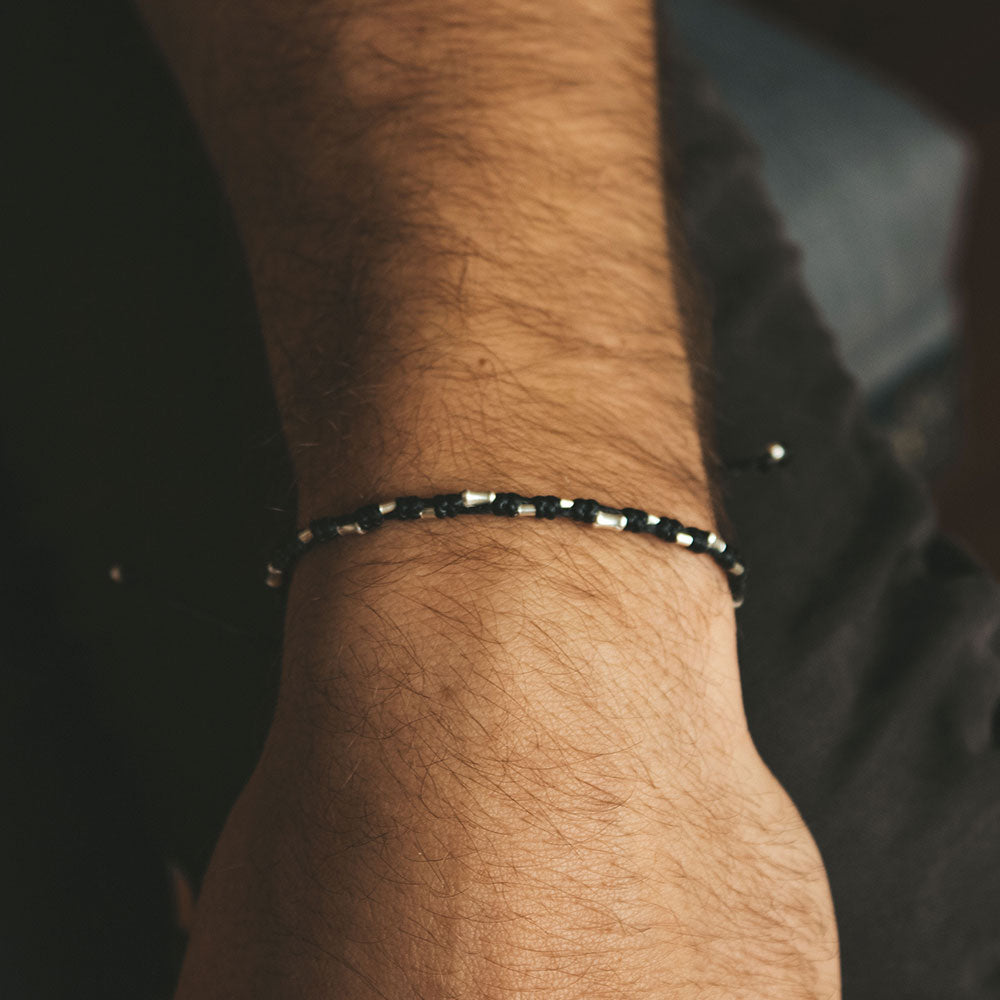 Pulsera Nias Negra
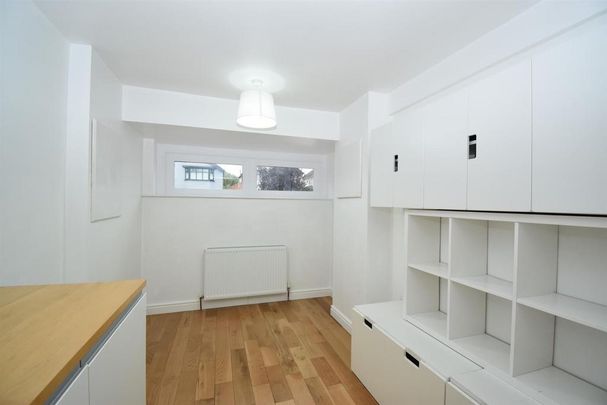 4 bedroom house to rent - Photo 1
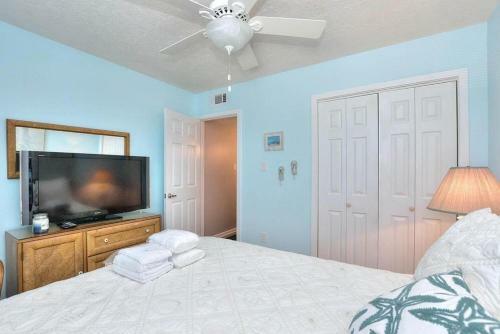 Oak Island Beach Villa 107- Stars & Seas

* * *

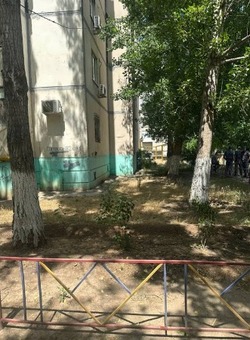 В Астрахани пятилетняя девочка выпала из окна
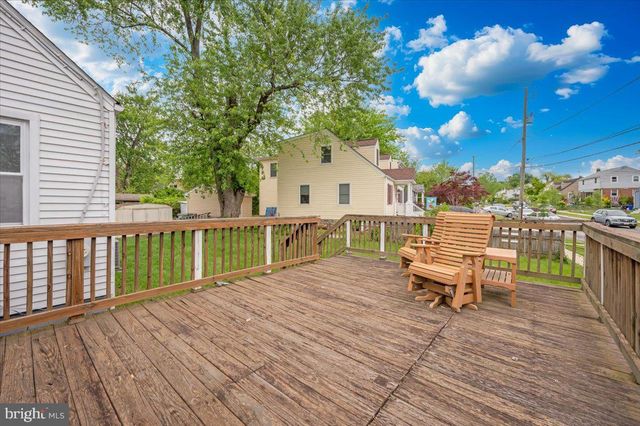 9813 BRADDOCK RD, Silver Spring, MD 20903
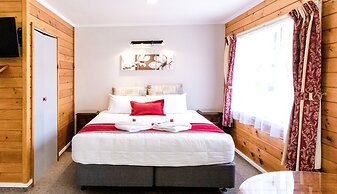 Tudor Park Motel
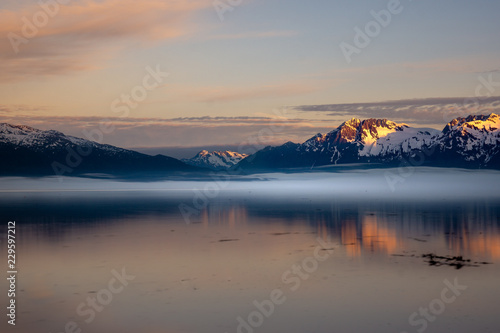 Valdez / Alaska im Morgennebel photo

--

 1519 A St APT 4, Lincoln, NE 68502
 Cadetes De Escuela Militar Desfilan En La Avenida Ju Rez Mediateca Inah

**Task statement:** Find where the line with "Pulsera Nias Negra" sits in the material above and where the line with "Oak Island Beach Villa 107- Stars & Seas" sits. Set down exactly the lines from the first to the second, both included and nothing else, without pictures.

**Written solution:**
 Pulsera Nias Negra
 4 bedroom house to rent - Photo 1
 Oak Island Beach Villa 107- Stars & Seas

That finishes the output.